Testing and Training Datasets

Data Science with Julia

Julia Workshop


Testing and Training Datasets

Several Julia packages offer functionality for splitting datasets into training and testing sets. Here are the most commonly used and recommended options:

  1. MLDataUtils.jl: This package is specifically designed for machine learning data utilities and provides the splitobs function, which is a very convenient and flexible way to split data. It’s generally the preferred approach.

  2. DataFrames.jl (with some manual work): If your data is in a DataFrame, you can use it in conjunction with random number generation to create indices for your training and testing sets. This requires a bit more manual work than splitobs but is still a viable option.

  3. ScikitLearn.jl: This package provides Julia bindings to the popular Python scikit-learn library. It includes functions like train_test_split, which you might be familiar with if you’ve used scikit-learn in Python. However, since the other options are native Julia packages, they are generally preferred for Julia projects.

1. Using MLDataUtils.jl (Recommended):

using MLDataUtils

# Example data (replace with your actual data)
X = rand(100, 5)  # 100 samples, 5 features
y = rand(Bool, 100) # 100 labels (binary classification)

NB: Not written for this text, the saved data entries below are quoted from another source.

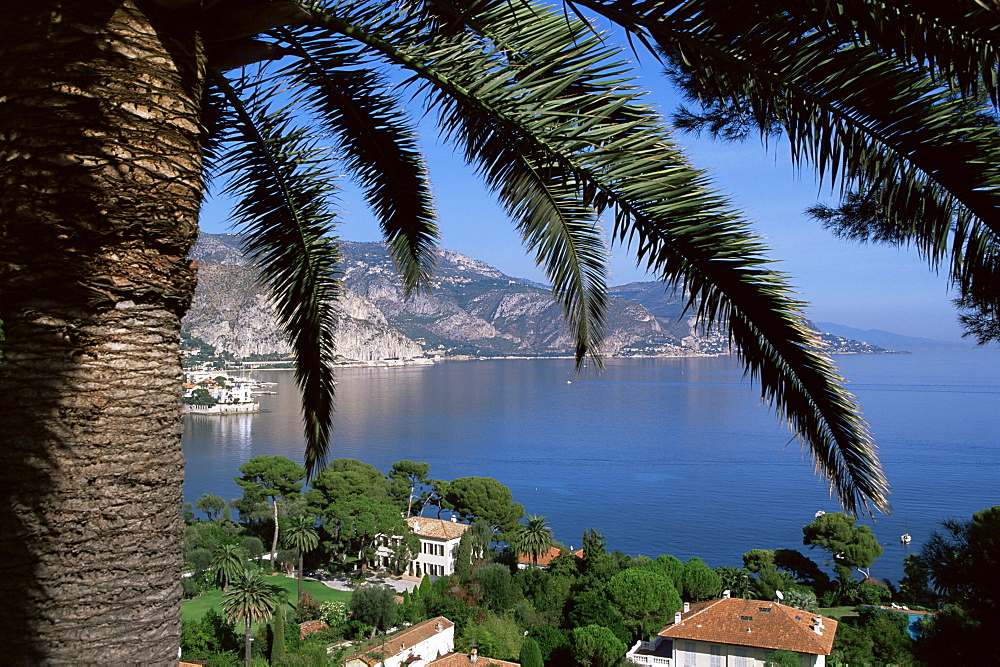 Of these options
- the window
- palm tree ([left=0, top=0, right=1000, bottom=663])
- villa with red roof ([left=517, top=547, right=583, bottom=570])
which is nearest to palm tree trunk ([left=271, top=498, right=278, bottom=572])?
villa with red roof ([left=517, top=547, right=583, bottom=570])

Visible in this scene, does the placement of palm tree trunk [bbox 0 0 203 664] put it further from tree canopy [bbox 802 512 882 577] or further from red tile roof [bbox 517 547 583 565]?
tree canopy [bbox 802 512 882 577]

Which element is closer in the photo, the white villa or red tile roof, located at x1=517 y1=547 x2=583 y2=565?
red tile roof, located at x1=517 y1=547 x2=583 y2=565

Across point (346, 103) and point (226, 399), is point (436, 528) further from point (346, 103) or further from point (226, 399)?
point (226, 399)

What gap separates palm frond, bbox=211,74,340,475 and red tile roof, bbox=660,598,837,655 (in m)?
19.2

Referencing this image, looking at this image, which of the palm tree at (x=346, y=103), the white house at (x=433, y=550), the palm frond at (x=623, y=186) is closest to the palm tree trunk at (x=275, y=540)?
the white house at (x=433, y=550)

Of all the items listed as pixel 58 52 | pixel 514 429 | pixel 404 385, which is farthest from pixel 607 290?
pixel 404 385

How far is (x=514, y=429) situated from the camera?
2542 inches

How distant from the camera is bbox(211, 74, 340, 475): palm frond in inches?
124

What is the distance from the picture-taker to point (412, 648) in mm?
18844

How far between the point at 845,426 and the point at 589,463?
49.5 m

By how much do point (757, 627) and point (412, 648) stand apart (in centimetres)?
968

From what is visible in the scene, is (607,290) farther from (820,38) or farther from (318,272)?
(318,272)

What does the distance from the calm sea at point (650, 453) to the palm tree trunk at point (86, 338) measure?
13518 millimetres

# Split into 80% training and 20% testing, shuffle the data
X_train, X_test, y_train, y_test = splitobs(X, y, 0.8, shuffle=true)

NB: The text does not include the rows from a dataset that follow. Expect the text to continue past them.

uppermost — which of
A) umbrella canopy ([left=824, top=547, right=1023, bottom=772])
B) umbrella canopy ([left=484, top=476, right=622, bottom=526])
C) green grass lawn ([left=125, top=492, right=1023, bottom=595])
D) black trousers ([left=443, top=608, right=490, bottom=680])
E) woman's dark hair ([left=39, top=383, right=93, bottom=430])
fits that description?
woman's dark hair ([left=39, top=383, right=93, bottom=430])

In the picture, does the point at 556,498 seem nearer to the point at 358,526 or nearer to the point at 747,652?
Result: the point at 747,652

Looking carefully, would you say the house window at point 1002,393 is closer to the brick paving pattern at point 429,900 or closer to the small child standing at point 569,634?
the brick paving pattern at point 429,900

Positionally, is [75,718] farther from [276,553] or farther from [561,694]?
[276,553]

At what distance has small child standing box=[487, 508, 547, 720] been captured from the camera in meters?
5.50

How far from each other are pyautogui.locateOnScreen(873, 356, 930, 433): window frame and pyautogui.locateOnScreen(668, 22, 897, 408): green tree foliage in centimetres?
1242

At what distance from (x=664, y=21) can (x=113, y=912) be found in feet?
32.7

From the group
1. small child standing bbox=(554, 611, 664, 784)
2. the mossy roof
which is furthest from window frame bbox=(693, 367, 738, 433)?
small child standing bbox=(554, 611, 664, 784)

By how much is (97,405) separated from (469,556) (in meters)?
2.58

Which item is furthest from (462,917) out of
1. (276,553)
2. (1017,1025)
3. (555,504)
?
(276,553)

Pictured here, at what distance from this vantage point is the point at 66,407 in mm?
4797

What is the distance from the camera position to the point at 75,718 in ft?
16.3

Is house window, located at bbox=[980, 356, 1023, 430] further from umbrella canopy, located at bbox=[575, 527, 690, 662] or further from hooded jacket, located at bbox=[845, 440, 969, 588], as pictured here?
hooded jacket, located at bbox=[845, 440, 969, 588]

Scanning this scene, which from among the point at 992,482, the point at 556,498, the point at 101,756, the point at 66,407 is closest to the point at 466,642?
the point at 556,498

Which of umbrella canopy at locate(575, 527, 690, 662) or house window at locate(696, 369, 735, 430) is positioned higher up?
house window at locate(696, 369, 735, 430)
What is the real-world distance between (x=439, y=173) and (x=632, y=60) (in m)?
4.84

# You can also specify the number of observations directly:
n_train = 80
X_train, X_test, y_train, y_test = splitobs(X, y, n_train)

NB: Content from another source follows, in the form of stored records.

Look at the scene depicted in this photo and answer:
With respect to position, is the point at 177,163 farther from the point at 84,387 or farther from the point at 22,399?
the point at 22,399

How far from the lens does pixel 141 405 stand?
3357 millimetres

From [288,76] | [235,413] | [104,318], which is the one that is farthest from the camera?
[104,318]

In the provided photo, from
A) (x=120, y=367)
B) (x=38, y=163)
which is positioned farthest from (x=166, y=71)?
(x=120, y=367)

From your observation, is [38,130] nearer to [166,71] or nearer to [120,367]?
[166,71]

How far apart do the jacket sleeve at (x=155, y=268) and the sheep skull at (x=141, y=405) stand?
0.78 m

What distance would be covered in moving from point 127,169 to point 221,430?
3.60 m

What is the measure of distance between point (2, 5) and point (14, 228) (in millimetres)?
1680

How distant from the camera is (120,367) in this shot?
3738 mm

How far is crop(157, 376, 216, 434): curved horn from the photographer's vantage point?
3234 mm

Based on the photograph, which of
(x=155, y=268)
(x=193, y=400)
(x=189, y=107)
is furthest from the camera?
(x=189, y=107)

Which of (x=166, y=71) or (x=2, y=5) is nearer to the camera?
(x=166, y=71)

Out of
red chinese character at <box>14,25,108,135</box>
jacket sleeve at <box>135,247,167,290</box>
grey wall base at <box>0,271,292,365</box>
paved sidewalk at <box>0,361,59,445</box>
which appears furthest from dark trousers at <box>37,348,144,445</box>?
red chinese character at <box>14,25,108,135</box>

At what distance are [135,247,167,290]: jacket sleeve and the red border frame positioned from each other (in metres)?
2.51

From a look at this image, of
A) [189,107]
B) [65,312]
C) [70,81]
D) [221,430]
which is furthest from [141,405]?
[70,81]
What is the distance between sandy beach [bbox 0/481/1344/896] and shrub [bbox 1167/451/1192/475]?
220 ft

# To get indices instead of the actual data:
train_indices, test_indices = splitobs(1:100, 0.8) # Split indices
X_train = X[train_indices, :]
X_test = X[test_indices, :]
y_train = y[train_indices]
y_test = y[test_indices]

# For stratified splitting (important if classes are imbalanced):
X_train, X_test, y_train, y_test = stratifiedobs(X, y, 0.8)

2. Using DataFrames.jl (Manual approach):

using DataFrames, Random

# Example DataFrame (replace with your DataFrame)
df = DataFrame(A = rand(100), B = rand(100), C = rand(Bool, 100))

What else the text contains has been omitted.